*Source records*
======

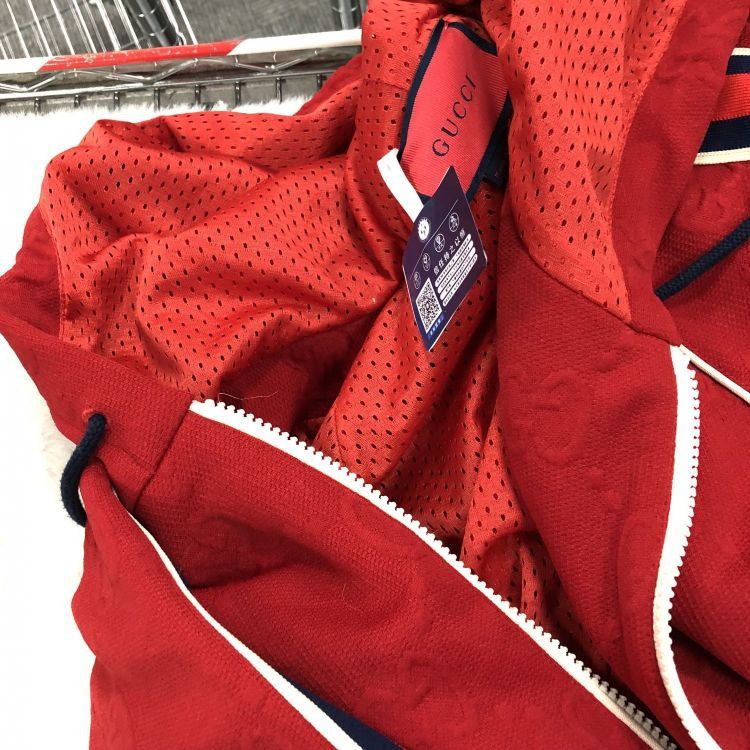 Gucci Gucci GG Monogram Zip Up Hoodie Size M Size US M / EU 48-50 / 2 - 5 Thumbnail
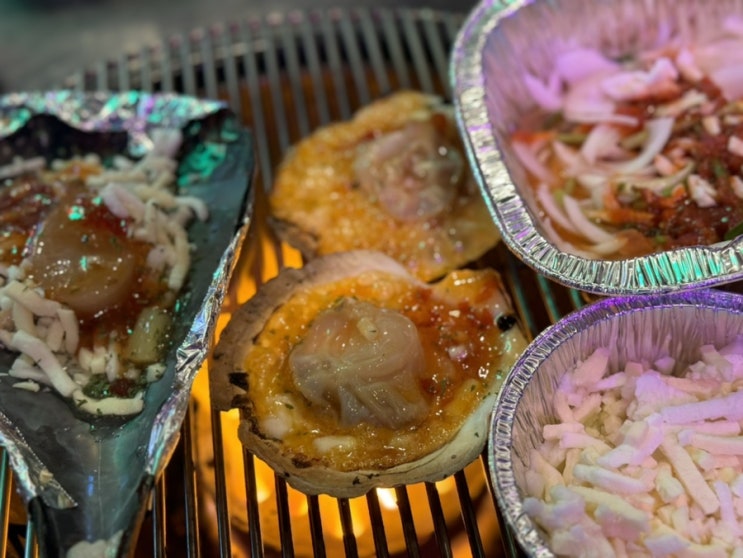  김해 삼계동 조개구이 조개찜 맛집 삼바리 내돈내산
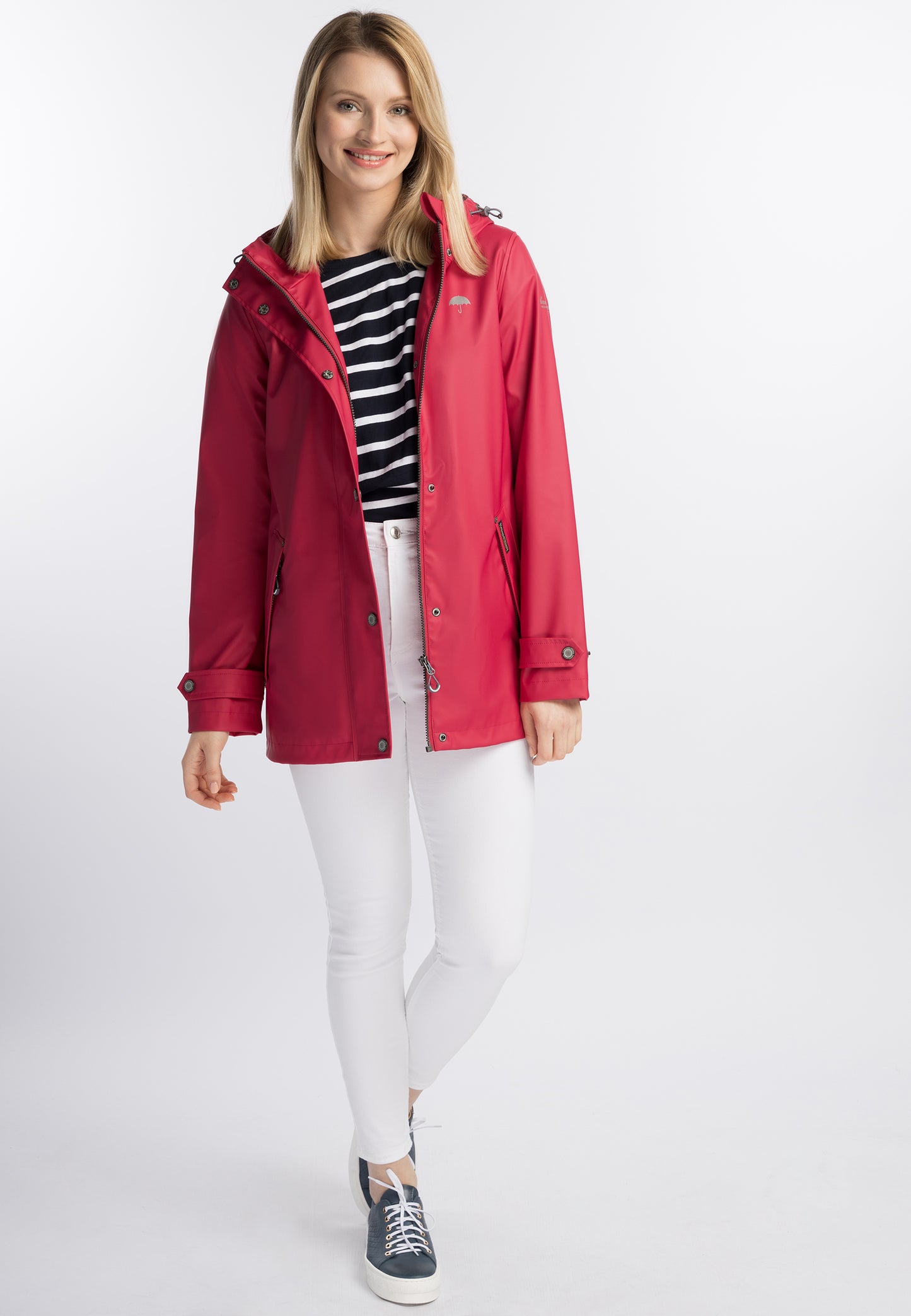 Schmuddelwedda women's rain jacket
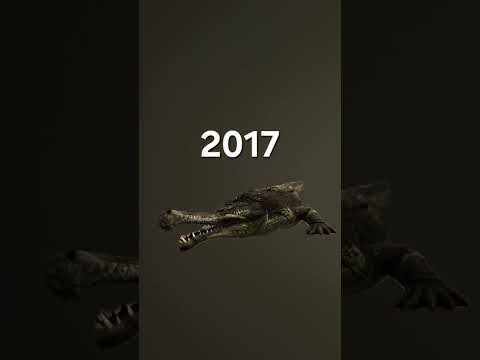 sarcosuchus ark evolution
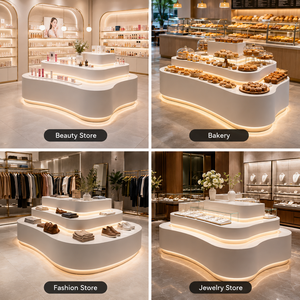 Soluzione Personalizzata per l'Arredamento Completo di Negozi: Espositori a Isola per Centri Commerciali, Banconi, Arredi per Negozi al Dettaglio, Vetrine Commerciali - Servizio Completo - Product Image 6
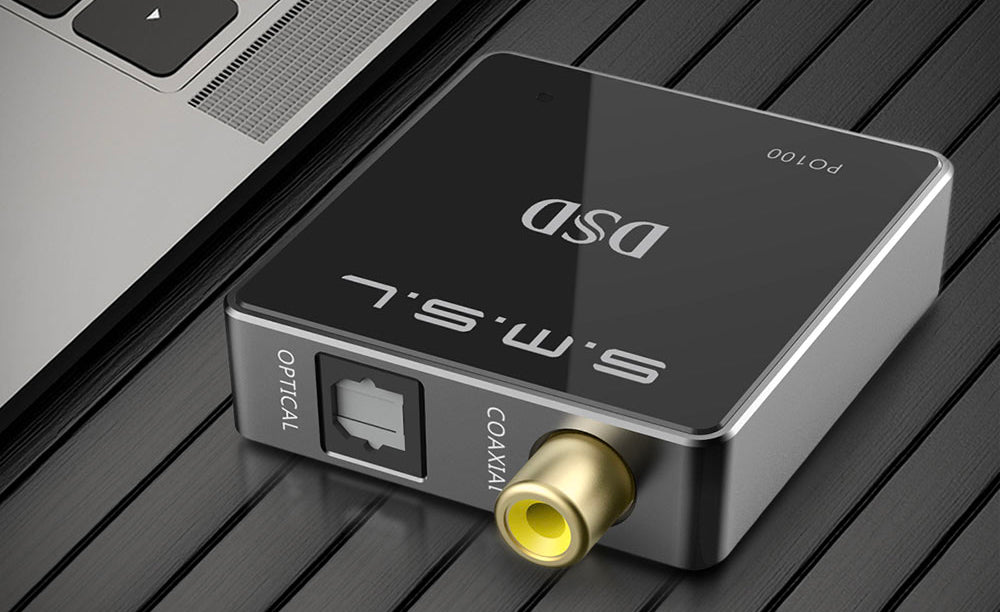S.M.S.L PO100: Latest USB Type-C Digital Audio Interface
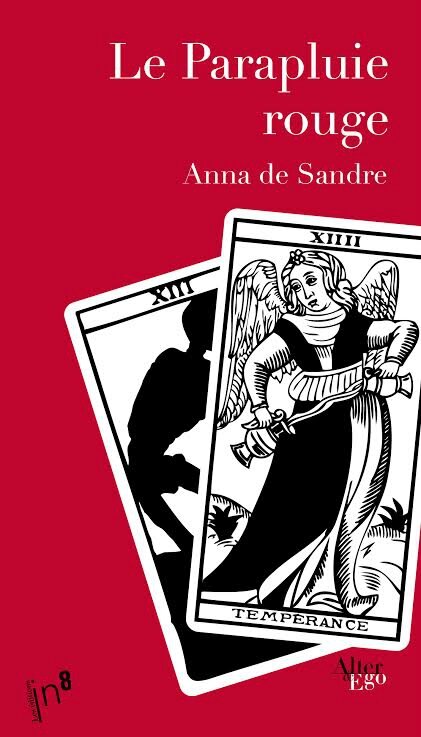 Anna de Sandre - Le Parapluie rouge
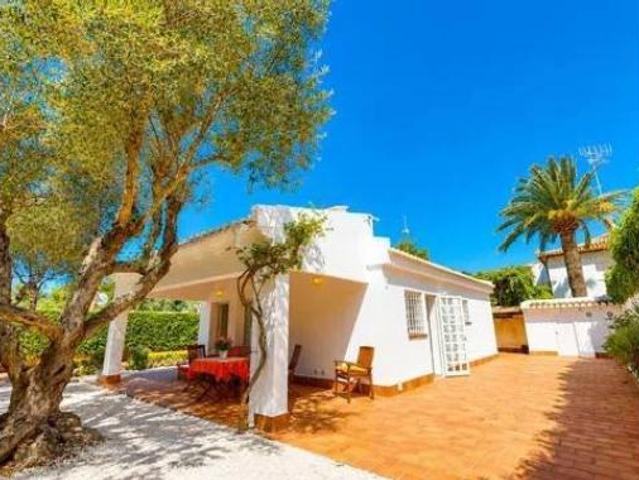 Chalet Alquiler Dénia, Les Rotes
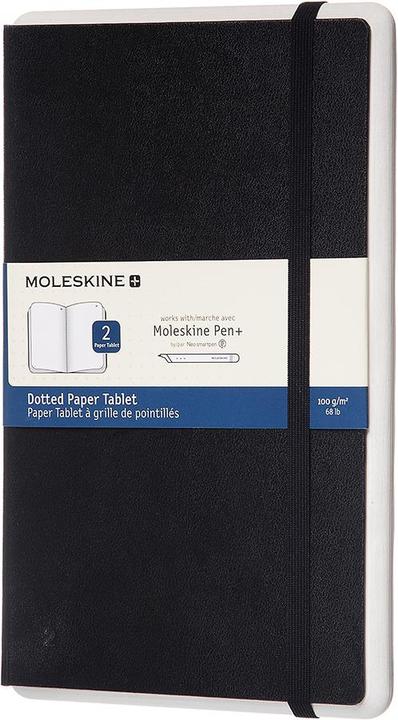 Image du produit Moleskine Tablette en papier No 2 (A5, Pointillés)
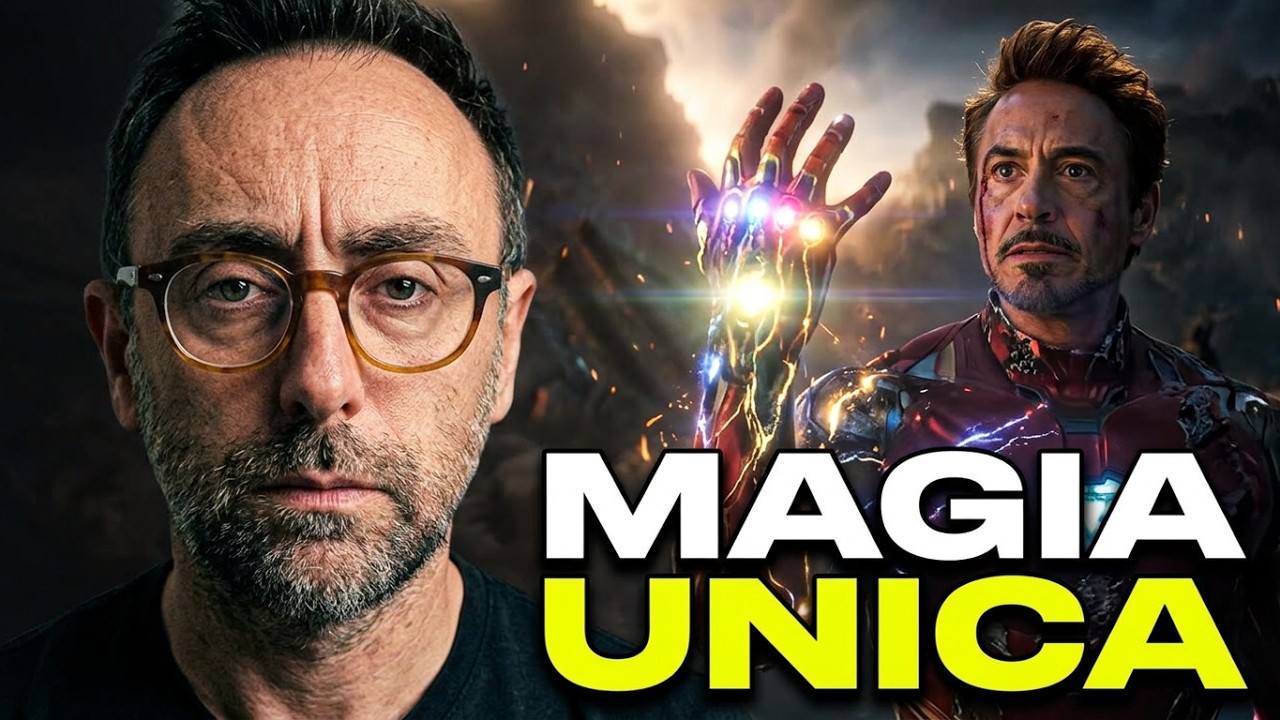 AVENGERS ENDGAME: i segreti della battaglia finale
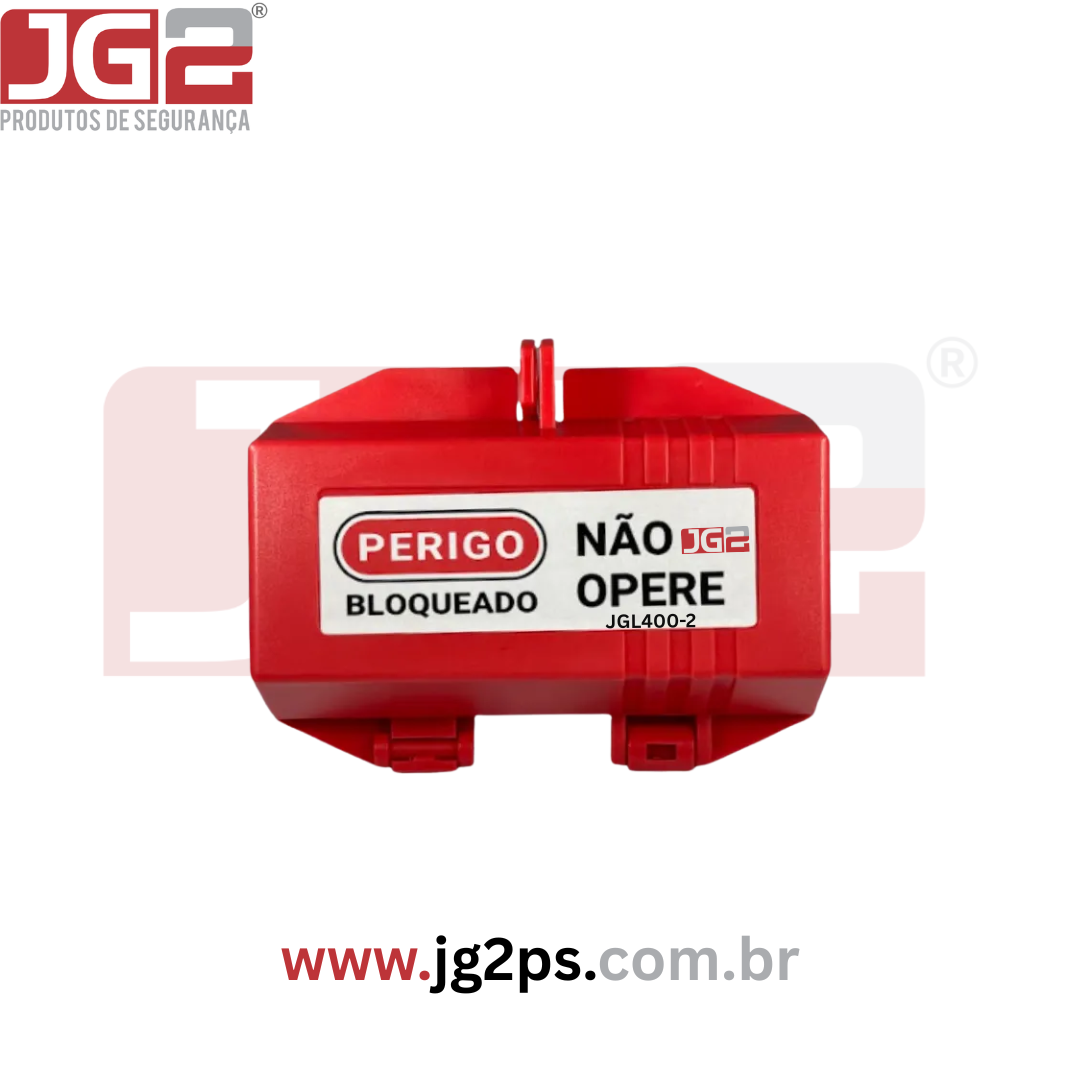 Dispositivo de Bloqueio (P) para Tomada Simples 110V e 220V JGL400-2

======

*Work to be completed*
Lines from the one holding "Anna de Sandre - Le Parapluie rouge" down to the last line of the entries above must be retyped exactly, inclusive of both, with no pictures and nothing else.

*Task answer*
 Anna de Sandre - Le Parapluie rouge
 Chalet Alquiler Dénia, Les Rotes
 Image du produit Moleskine Tablette en papier No 2 (A5, Pointillés)
 AVENGERS ENDGAME: i segreti della battaglia finale
 Dispositivo de Bloqueio (P) para Tomada Simples 110V e 220V JGL400-2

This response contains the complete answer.